Footprints in the Mountains
India – Surender Singh, 1989 Graduate, 1996 Training Assistant

If you travel to the state of Uttarakhand in northern India to meet Surender Singh, he will definitely invite you to go trekking. If you accept his offer, you will find that the experience is far more than a mountain walk with stunning views of the snow-capped Himalayas. It is a journey through his life and a lesson on rural leadership.

Singh san, as he was called at ARI, has been spreading his footprints across these steep mountain paths for 42 years. He knows every village, every family. When he arrives at a house, he’ll call out to the residents by name. They’ll welcome him with tea and he will pull bananas or biscuits from his bag to share over a long conversation.
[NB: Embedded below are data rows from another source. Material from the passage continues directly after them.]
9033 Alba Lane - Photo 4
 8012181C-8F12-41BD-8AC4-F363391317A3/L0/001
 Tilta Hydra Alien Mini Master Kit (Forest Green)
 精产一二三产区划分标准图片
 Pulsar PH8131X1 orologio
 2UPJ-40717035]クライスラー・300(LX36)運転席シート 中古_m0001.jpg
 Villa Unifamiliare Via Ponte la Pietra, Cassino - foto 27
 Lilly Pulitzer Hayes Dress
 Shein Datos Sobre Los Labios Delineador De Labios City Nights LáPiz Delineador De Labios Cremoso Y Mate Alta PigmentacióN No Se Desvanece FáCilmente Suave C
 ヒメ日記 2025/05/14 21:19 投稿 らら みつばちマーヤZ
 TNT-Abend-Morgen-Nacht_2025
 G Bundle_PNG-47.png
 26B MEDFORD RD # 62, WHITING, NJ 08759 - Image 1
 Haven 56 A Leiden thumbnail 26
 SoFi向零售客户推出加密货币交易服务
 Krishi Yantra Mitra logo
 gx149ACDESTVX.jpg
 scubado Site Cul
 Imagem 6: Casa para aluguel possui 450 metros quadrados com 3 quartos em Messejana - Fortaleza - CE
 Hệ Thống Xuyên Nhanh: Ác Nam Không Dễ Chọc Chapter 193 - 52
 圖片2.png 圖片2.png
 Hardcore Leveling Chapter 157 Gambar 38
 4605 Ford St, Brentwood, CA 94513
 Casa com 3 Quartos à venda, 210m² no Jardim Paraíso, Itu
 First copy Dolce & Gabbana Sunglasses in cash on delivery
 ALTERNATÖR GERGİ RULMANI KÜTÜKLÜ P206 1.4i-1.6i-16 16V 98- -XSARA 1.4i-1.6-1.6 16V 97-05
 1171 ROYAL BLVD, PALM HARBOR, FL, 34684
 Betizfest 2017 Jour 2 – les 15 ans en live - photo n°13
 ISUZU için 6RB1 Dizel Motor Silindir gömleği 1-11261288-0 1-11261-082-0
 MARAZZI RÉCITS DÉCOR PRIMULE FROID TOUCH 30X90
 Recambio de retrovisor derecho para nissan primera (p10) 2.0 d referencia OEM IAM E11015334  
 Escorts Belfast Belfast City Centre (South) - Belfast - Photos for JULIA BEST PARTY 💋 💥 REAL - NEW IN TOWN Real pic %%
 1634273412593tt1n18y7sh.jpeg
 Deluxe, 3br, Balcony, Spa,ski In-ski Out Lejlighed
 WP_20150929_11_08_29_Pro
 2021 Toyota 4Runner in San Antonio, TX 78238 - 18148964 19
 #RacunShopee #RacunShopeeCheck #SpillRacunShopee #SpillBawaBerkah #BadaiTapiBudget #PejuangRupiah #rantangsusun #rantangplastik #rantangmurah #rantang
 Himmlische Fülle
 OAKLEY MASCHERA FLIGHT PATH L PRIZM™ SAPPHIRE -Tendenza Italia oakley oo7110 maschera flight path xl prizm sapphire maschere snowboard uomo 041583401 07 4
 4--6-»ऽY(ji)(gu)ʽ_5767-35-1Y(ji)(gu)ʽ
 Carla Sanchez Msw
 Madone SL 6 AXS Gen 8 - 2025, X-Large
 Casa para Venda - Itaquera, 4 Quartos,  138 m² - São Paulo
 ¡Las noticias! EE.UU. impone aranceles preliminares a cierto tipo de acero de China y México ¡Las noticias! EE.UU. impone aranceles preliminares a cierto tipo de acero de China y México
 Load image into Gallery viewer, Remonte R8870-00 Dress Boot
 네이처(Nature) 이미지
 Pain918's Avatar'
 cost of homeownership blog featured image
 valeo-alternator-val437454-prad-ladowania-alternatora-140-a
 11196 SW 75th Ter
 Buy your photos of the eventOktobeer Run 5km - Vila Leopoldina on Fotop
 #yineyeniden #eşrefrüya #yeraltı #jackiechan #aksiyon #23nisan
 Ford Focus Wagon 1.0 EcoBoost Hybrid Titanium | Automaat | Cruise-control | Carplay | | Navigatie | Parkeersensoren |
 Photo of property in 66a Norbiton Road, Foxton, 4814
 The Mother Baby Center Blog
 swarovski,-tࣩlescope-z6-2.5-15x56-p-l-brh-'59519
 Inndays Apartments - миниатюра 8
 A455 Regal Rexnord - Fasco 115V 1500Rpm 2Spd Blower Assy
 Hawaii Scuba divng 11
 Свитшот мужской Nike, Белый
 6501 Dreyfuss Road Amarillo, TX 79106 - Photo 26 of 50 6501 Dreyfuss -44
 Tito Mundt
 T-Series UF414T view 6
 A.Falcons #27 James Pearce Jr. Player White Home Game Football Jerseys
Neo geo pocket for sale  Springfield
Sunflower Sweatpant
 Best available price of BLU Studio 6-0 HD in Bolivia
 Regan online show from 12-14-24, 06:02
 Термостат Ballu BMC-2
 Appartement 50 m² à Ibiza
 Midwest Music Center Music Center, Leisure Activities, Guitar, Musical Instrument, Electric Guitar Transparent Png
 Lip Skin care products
He may tell to you that he slept in this home while building a water pipeline to the village together with the organization he now heads – the Mussoorie Village Development Committee. Or he might mention that the children of that household completed their studies at the MGVS Kaplani School, which was built for the sake of the mountain children, by this same organization 24 years ago. He is certain to talk of the women’s Self-Help Groups, how he trained them in organic farming, and that they are now earning money selling organic produce. You will feel as if there is not a soul in these whole mountains he has not touched.

Surender calls himself a very local boy. “I was born in a mountain village,” he explains. While walking along together, he would point to narrow roads that intersected ours, tell where they lead, who is living at the other end, and how he did something to help them. As I took in his words, I began to get a sense of what it was Takami sensei wanted to do when he started ARI. Takami sensei didn’t go to the poor places of the world with the idea that he might “help them,” or solve their problems. Very much the opposite, when he went to those places, he discovered amazing people there full of talent and commitment … and hope. He called them Rural Leaders, and in my imagination, he said, “They can do much better for the people than I can. So, what can I do for them?” And he started ARI.

Of course, I don’t know the real workings of Takami sensei’s mind at that time, but as I meet graduates like Surender, one by one, and hear their stories, I feel like I am encountering the essence of ARI, the essence of Takami sensei’s dream. It is hard to describe these moments, except to say that what we are doing at ARI – I think it’s working.